_WHAT YOU HAVE TO DO_
No pictures, no extra lines: copy exactly from the line with "Fiori. Ediz. illustrata" through the end of the entries.

_RECORDS FOR THIS EXERCISE_

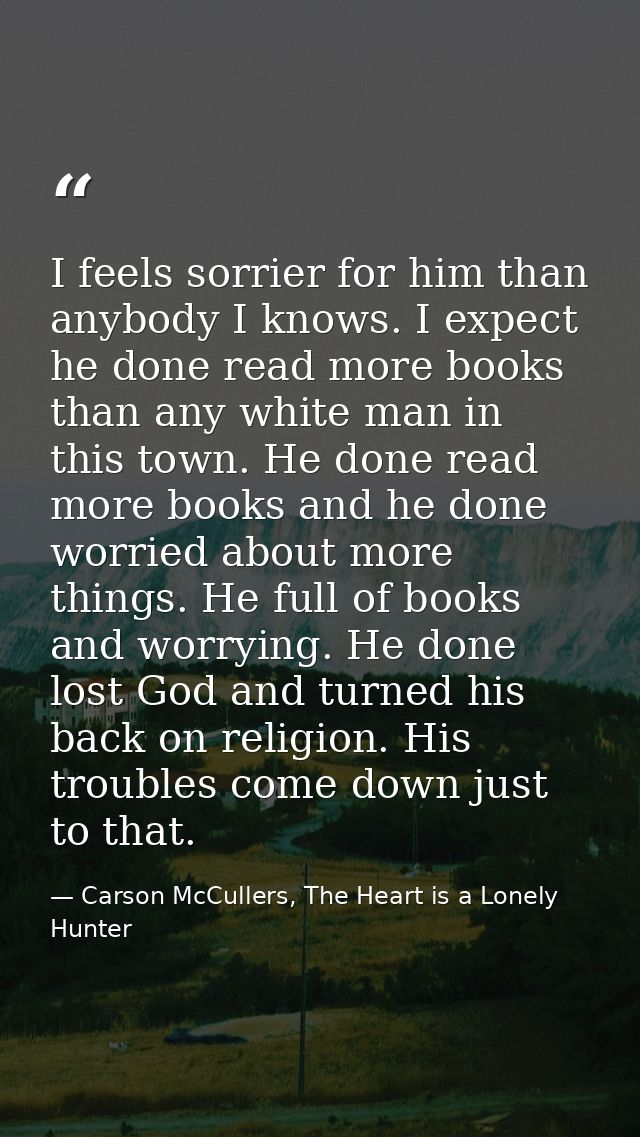 I feels sorrier for him than anybody I knows. I expect he done read more books than any white man in this town. He done  — Carson McCullers, The Heart is a Lonely Hunter
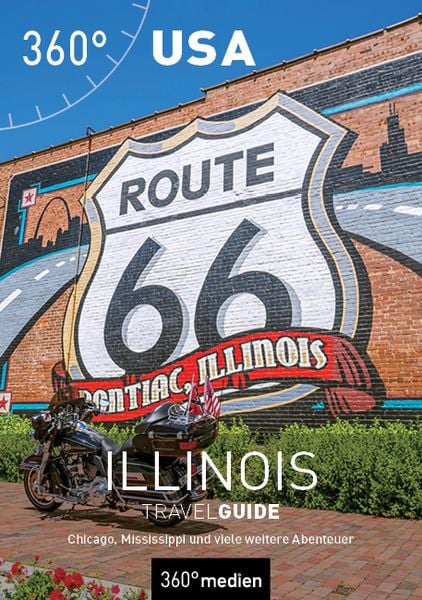 USA - Illinois TravelGuide, Paperback von Christian Dose , Ralph Steffen, 360° medien, 9783968550855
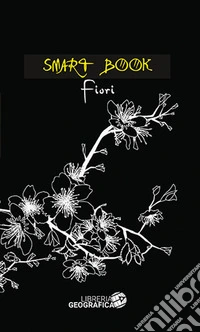 Fiori. Ediz. illustrata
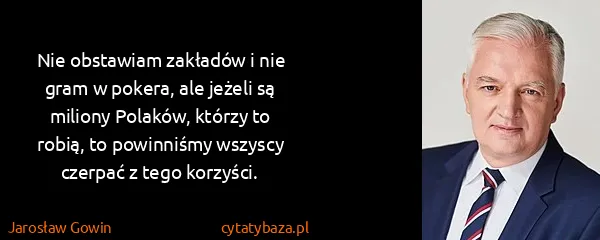 Jarosław Gowin: Nie obstawiam zakładów i nie gram w pokera, ale jeżeli...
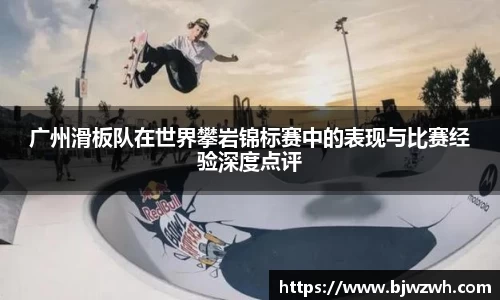 广州滑板队在世界攀岩锦标赛中的表现与比赛经验深度点评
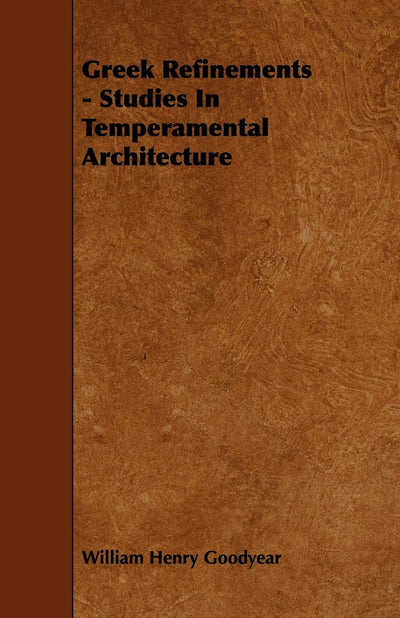 Greek Refinements - Studies In Temperamental Architecture
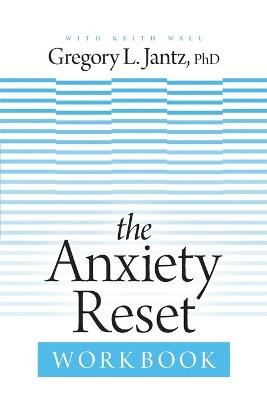 Anxiety Reset Workbook, The - Dr Gregory Jantz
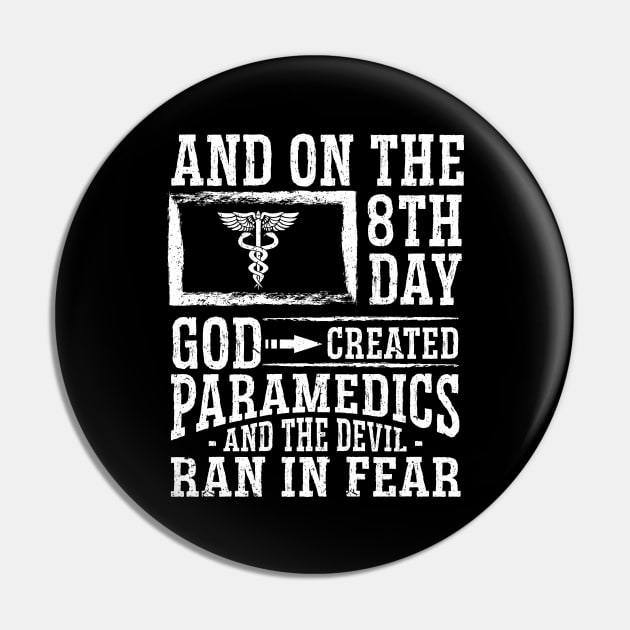 Paramedic Student EMT ER Paramedic Pin by IngeniousMerch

_EXPECTED ANSWER_
 Fiori. Ediz. illustrata
 Jarosław Gowin: Nie obstawiam zakładów i nie gram w pokera, ale jeżeli...
 广州滑板队在世界攀岩锦标赛中的表现与比赛经验深度点评
 Greek Refinements - Studies In Temperamental Architecture
 Anxiety Reset Workbook, The - Dr Gregory Jantz
 Paramedic Student EMT ER Paramedic Pin by IngeniousMerch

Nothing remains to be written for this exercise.